§ **DESCRIPTION OF THE TASK**
Leaving out the pictures, retype the lines from the top of the listing through the line with "CAMPER Karst Sandal" exactly.

§ **INFORMATION PROVIDED**

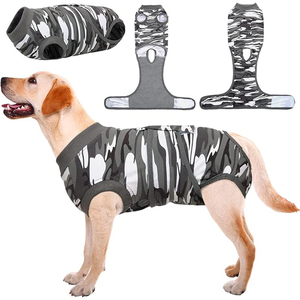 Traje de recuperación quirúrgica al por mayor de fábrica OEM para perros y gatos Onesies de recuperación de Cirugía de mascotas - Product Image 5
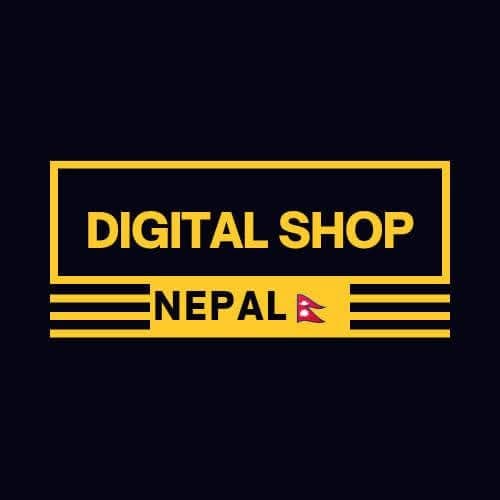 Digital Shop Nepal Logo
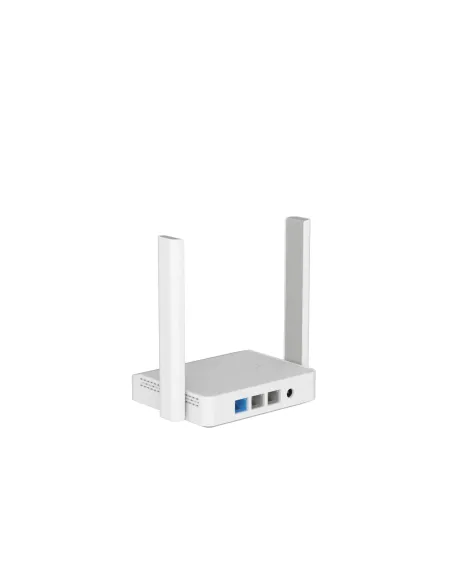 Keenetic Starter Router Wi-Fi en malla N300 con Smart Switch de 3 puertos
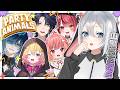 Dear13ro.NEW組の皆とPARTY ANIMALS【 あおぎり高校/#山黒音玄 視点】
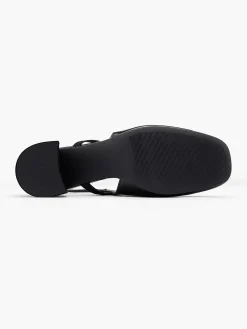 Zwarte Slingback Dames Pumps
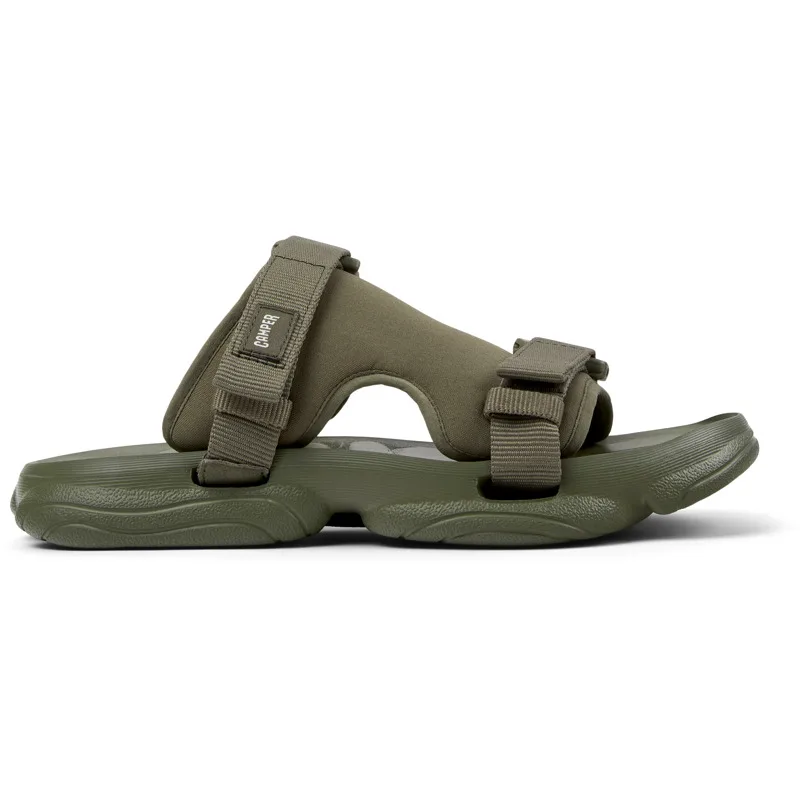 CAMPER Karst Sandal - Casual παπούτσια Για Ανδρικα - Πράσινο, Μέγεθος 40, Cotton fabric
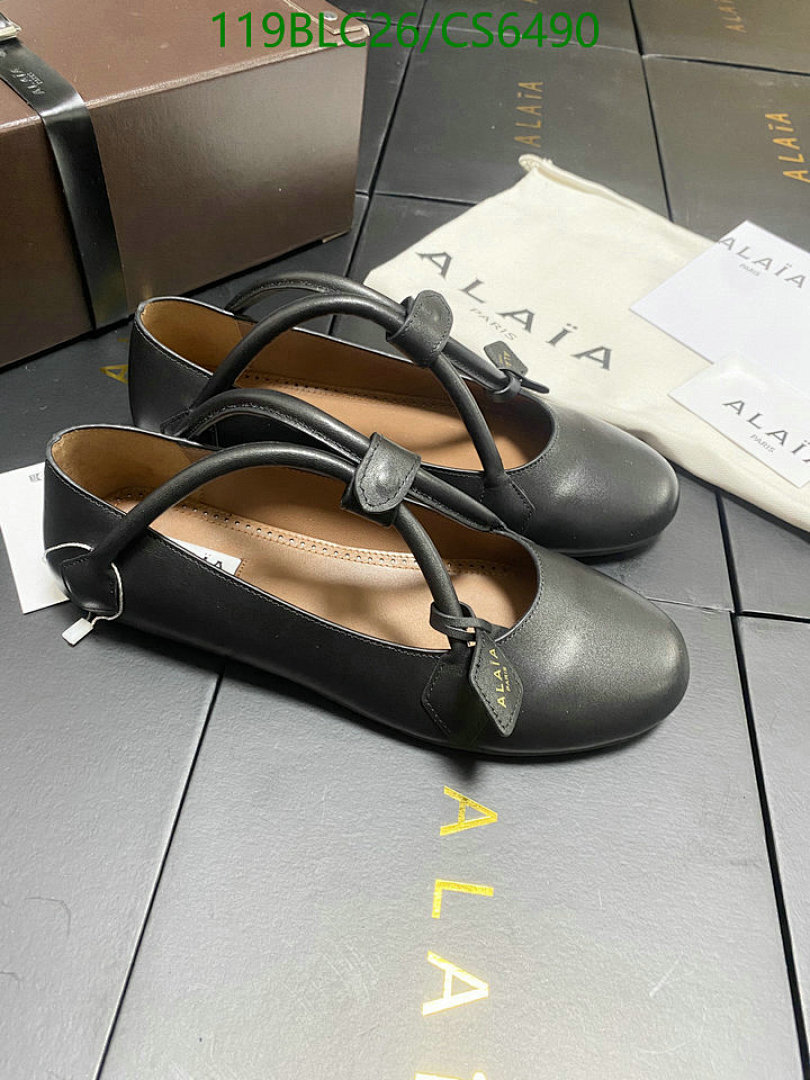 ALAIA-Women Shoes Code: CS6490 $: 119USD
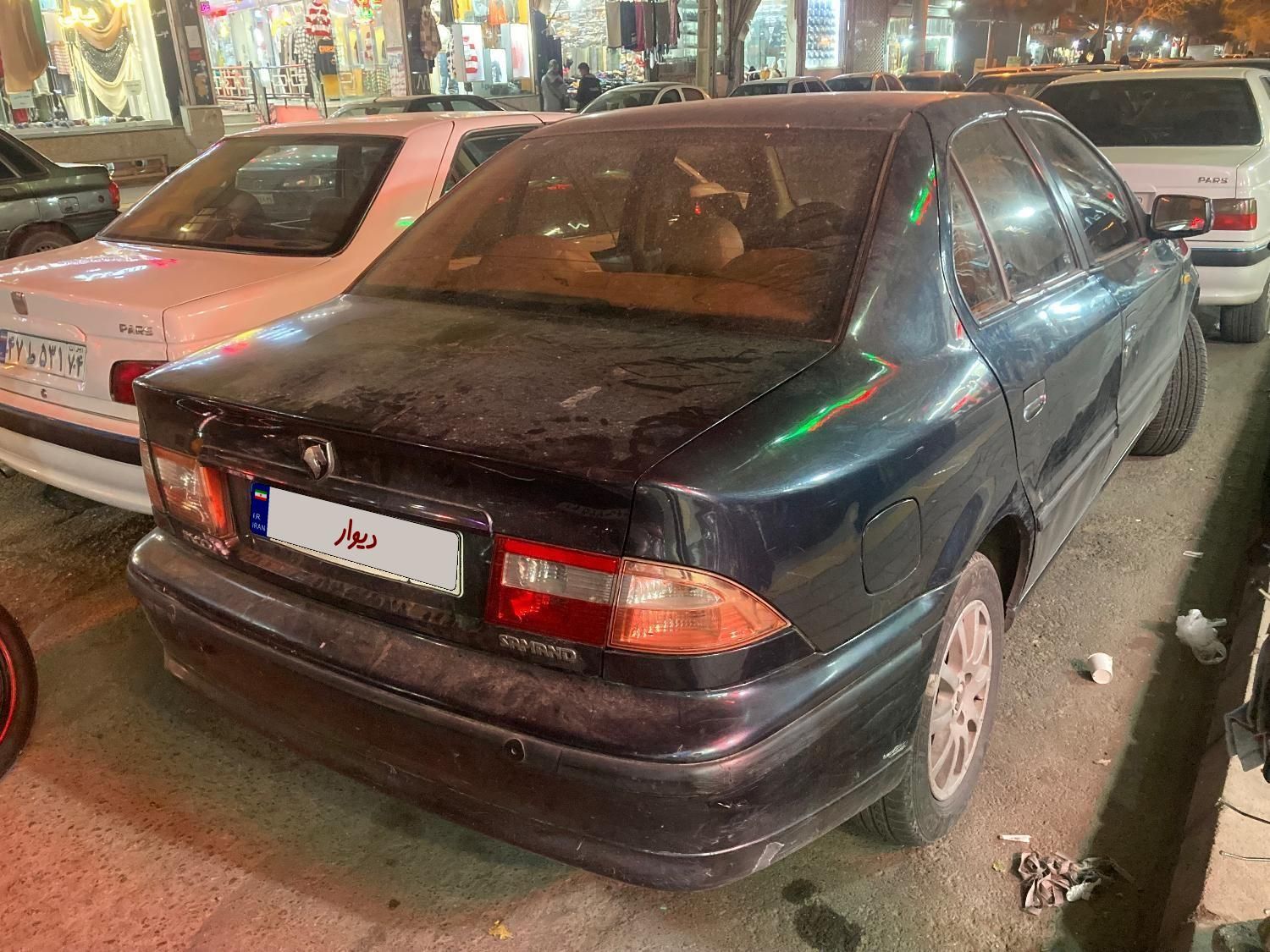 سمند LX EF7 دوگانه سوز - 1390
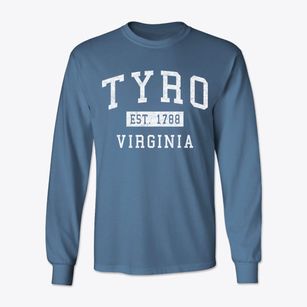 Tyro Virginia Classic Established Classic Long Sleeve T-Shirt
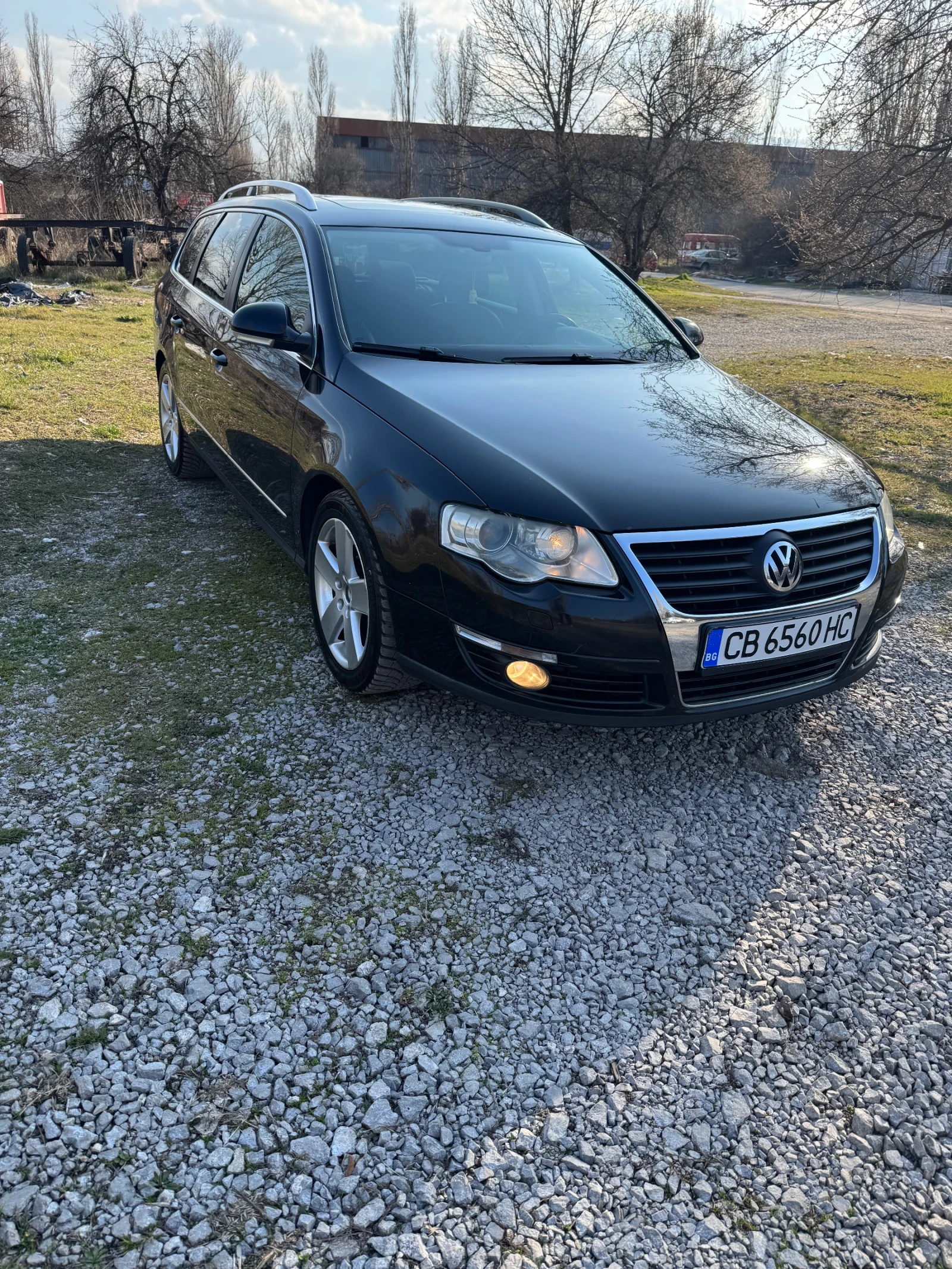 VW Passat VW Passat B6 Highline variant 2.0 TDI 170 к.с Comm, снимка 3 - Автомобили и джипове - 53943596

§ **RESPONSE TO THIS TASK**
 Traje de recuperación quirúrgica al por mayor de fábrica OEM para perros y gatos Onesies de recuperación de Cirugía de mascotas - Product Image 5
 Digital Shop Nepal Logo
 Keenetic Starter Router Wi-Fi en malla N300 con Smart Switch de 3 puertos
 Dear13ro.NEW組の皆とPARTY ANIMALS【 あおぎり高校/#山黒音玄 視点】
 Zwarte Slingback Dames Pumps
 CAMPER Karst Sandal - Casual παπούτσια Για Ανδρικα - Πράσινο, Μέγεθος 40, Cotton fabric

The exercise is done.